This year our keynote talk is given by Dr. Juan Ye from the University of St. Andrews, UK. She will talk about “Lifelong Learning in Sensor-based Human Activity Recognition “.

Keynote Abstract

Sensor-based human activity recognition is to recognise users’ current activities from a collection of sensor data in real time. This ability presents an unprecedented opportunity to many applications, and ambient assisted living (AAL) for elderly care is one of the most exciting examples. For example, from the meal preparation activities, we can derive the user’s diet routine and detect any anomaly or decline in physical or cognitive condition, leading to immediate, appropriate change in their care plan. With the rapidly increasing ageing population and overstretched strains on our healthcare system, there is a rapidly growing need for industry in AAL.

However, the complexity in real-world deployment is significantly challenging current sensor-based human activity recognition, including the inherent imperfect nature of sensing technologies, constant change in activity routines, and unpredictability of situations or events occurring in an environment. Such complexity can result in decreased accuracies in recognising activities over time and further a degradation of the performance of an AAL system.

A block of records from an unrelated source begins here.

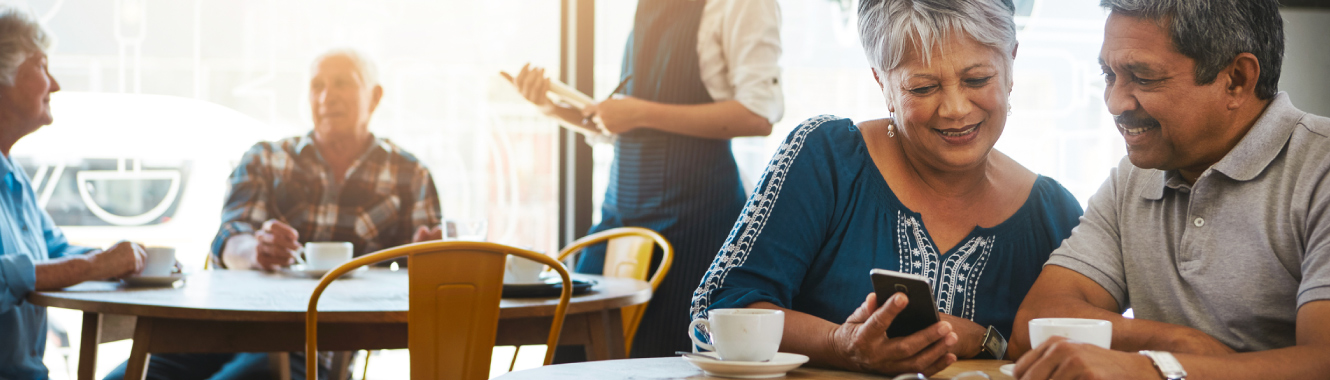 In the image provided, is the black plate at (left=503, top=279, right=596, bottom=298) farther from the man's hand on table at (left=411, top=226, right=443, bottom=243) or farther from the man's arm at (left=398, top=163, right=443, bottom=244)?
the man's arm at (left=398, top=163, right=443, bottom=244)

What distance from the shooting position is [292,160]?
2.88 meters

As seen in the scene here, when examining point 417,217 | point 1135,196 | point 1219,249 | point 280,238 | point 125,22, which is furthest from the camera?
point 125,22

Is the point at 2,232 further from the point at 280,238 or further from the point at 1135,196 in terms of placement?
the point at 1135,196

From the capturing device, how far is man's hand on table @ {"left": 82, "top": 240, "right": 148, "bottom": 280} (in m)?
1.93

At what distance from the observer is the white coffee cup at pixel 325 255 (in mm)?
2238

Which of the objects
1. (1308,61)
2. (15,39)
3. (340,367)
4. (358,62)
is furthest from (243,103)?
(1308,61)

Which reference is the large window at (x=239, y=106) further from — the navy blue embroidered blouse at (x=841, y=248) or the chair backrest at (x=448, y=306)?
the navy blue embroidered blouse at (x=841, y=248)

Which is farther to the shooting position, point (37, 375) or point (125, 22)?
point (125, 22)

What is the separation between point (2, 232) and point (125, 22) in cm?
134

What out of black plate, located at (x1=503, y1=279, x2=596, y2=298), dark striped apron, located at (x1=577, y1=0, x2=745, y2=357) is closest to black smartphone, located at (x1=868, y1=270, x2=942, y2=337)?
black plate, located at (x1=503, y1=279, x2=596, y2=298)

The state-of-the-art methodology in studying human activity recognition is cultivated from short-term lab or testbed experimentation, i.e., relying on well-annotated sensor data and assuming no change in activity models, which is no longer suitable for long-term, large-scale, real-world deployment. This creates a need for an activity recognition system capable of embedding the means of automatic adaptation to changes, i.e., lifelong learning. This talk will discuss new challenges and opportunities in lifelong learning in human activity recognition, with particular focus on transfer learning on activity labels across heterogeneous datasets.

Speaker’s Biography

Dr. Juan Ye is a lecturer in the School of Computer Science at the University of St Andrews, UK. Her research interest centers on human behaviour recognition and analysis, specialising in ontologies, uncertainty and temporal reasoning, applied machine learning, and data mining techniques. From her PhD study to present, she has published 70 papers in top-tier journals and conferences, including three reviews on human activity recognition that identify the key research challenges and open questions. She has designed and developed techniques that novelly integrate data- and knowledge-driven techniques with emphasis on unsupervised learning, transfer learning, and emerging activity discovery.